ABOUT RADIATION NEUROPATHY
Radiation neuropathy is a delayed, often progressive nerve injury that occurs in patients who have received therapeutic radiation, typically to the head, neck, pelvis, or limbs, and can manifest months to years after treatment.
It is characterized by focal or multifocal neuropathic pain, sensory loss, muscle weakness, and sometimes paralysis, depending on which nerves or plexuses are exposed, such as brachial‑plexus neuropathy after breast or head‑neck irradiation or lumbosacral plexopathy after pelvic radiotherapy. The underlying pathophysiology involves radiation‑induced damage to Schwann cells, vascular endothelium, and neurons, leading to impaired nerve‑blood supply, hypoxia, fibrosis around nerves, and axonal degeneration; these changes are closely linked to mitochondrial dysfunction and oxidative stress, as ionizing radiation generates reactive oxygen species that overwhelm endogenous antioxidant systems and disrupt mitochondrial energy production and mtDNA integrity.
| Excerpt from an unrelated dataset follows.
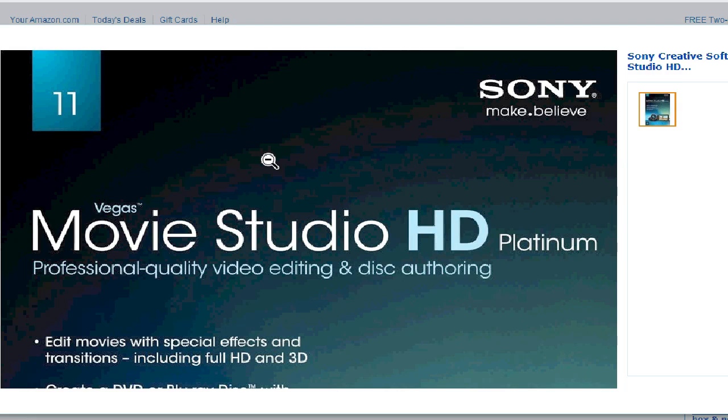Hi, in this video I'm going to show you how to extend the trial version of your Sony Vegas Movie Studio.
In the US, radiation neuropathy is relatively uncommon in the general population but is a clinically significant problem in cancer survivors exposed to high‑dose or re‑irradiation regimens, particularly around the brachial or lumbosacral plexus.
At present, there are no approved disease‑modifying therapies that reliably prevent or reverse the neuropathic damage; treatment is therefore limited to symptom control (e.g., analgesics, neuromodulators), rehabilitation, pain‑modulating procedures, and optimization of radiation planning to minimize dose to critical nerves.[1][2][3][4][5][6][7][8][9][10]